*Task data*

• • • • • • •

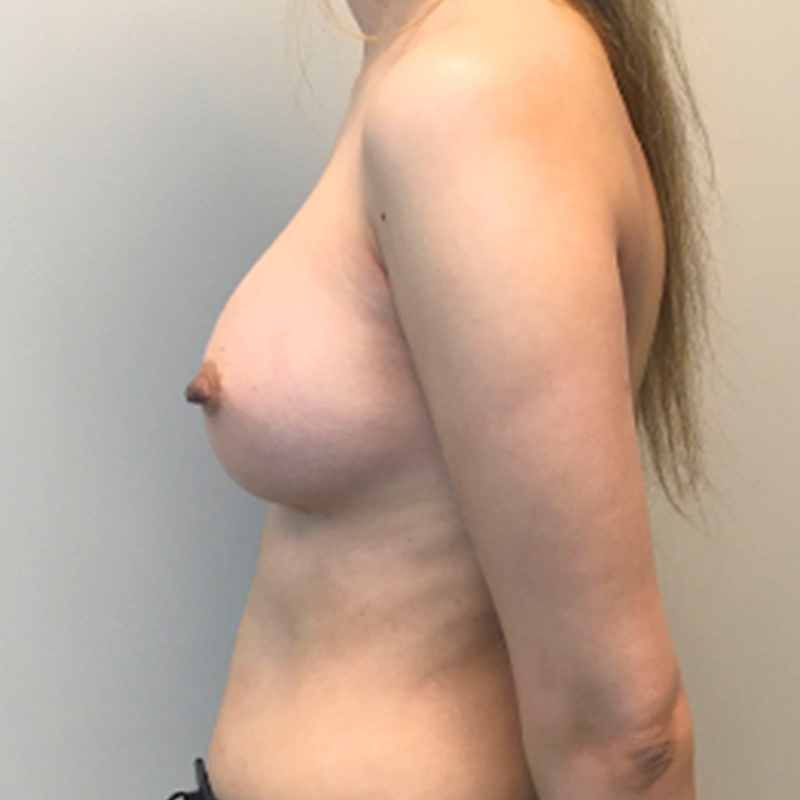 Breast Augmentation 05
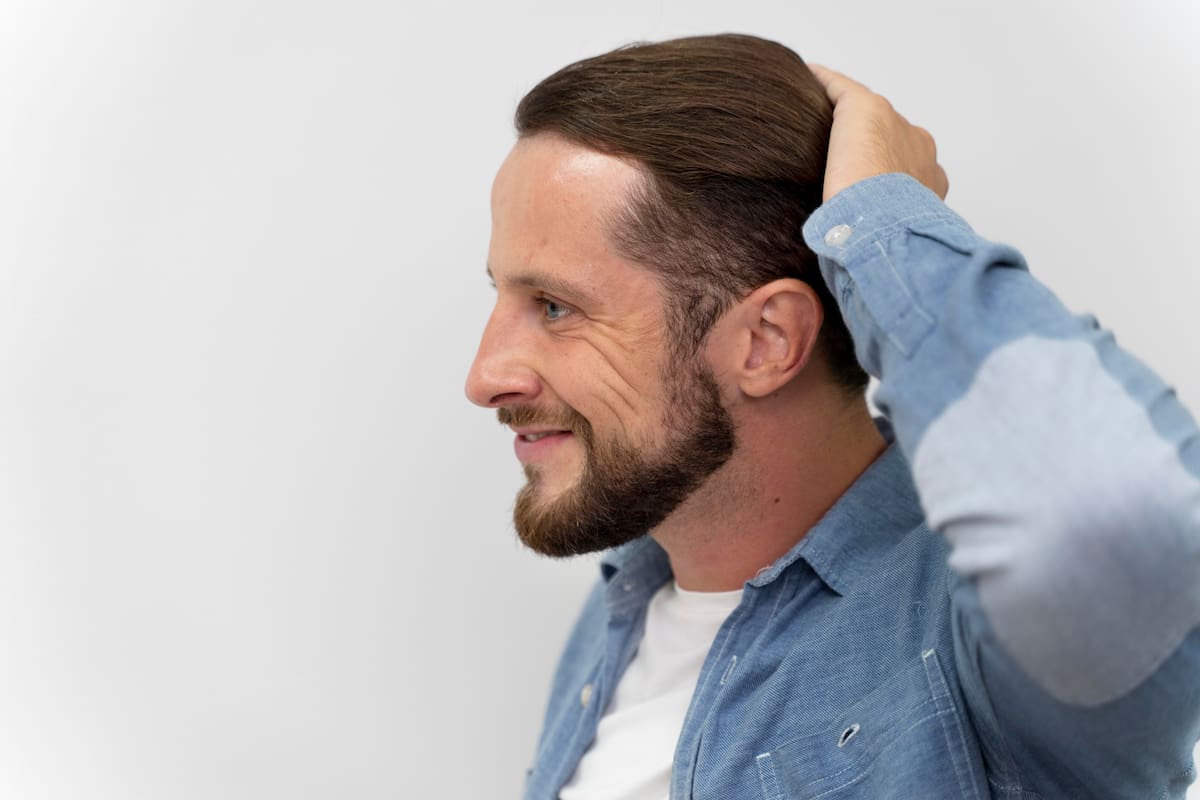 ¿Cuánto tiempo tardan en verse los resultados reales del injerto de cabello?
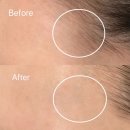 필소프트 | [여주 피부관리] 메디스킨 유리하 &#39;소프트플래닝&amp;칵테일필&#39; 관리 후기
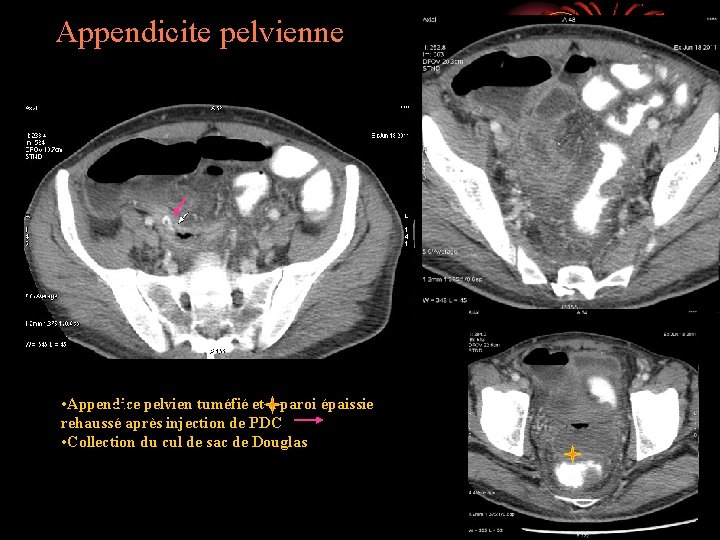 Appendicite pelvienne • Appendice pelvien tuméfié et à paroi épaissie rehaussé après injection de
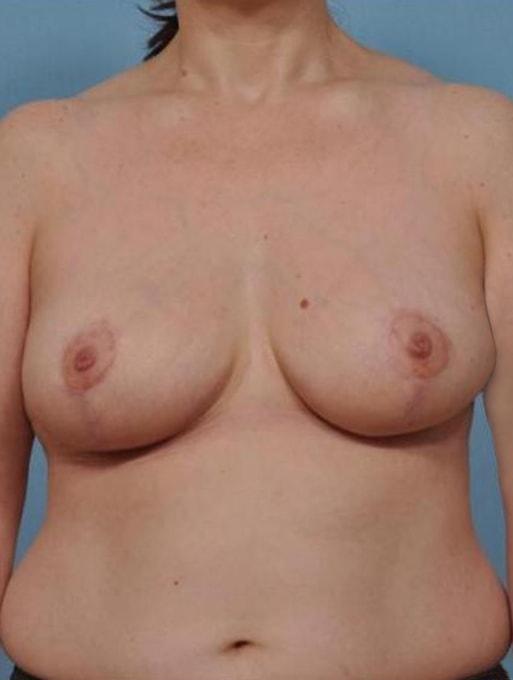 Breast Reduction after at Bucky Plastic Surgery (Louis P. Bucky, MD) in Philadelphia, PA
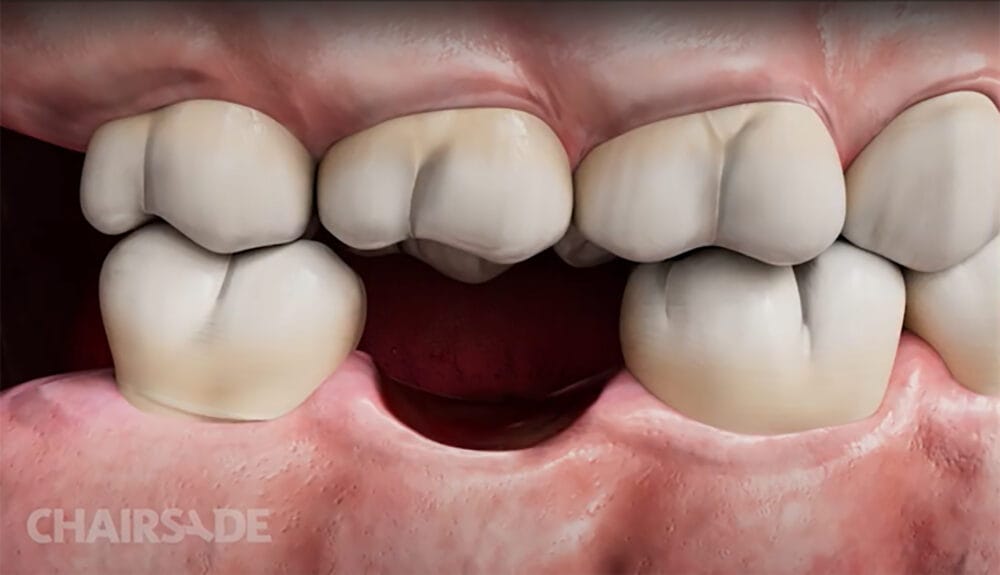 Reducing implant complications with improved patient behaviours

• • • • • • •

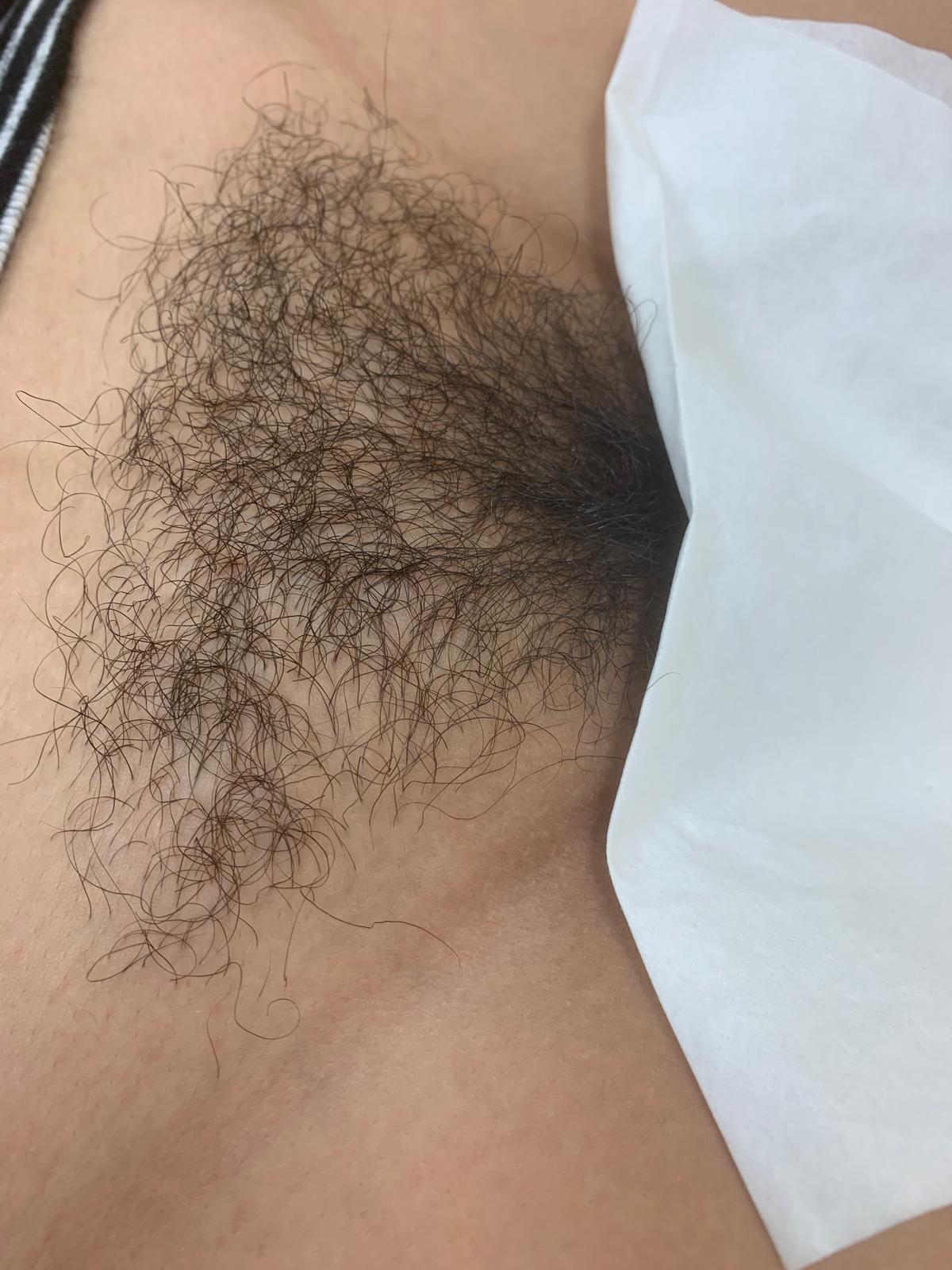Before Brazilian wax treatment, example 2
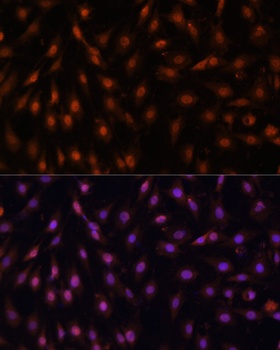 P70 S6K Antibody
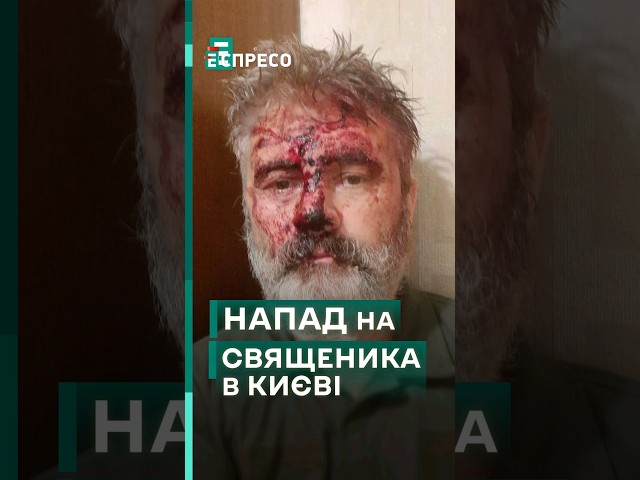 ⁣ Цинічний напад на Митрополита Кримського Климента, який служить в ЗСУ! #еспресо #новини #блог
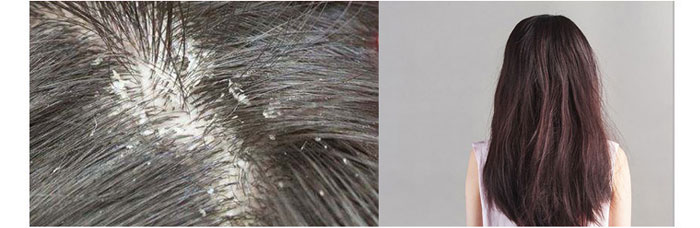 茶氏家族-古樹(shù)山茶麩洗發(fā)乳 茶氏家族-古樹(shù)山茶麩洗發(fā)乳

• • • • • • •

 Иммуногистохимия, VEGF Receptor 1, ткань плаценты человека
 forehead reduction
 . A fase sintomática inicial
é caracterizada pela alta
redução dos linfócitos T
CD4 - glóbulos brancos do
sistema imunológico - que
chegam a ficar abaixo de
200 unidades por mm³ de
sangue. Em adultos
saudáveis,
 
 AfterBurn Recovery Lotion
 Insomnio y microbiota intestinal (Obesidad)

• • • • • • •

*What you should do*
Reproduce exactly the lines of the data above that run from the line with "Breast Reduction after" down to the line with "Reducing implant complications", both ends included. Pictures do not belong in the copy.

*Response area*
 Breast Reduction after at Bucky Plastic Surgery (Louis P. Bucky, MD) in Philadelphia, PA
 Reducing implant complications with improved patient behaviours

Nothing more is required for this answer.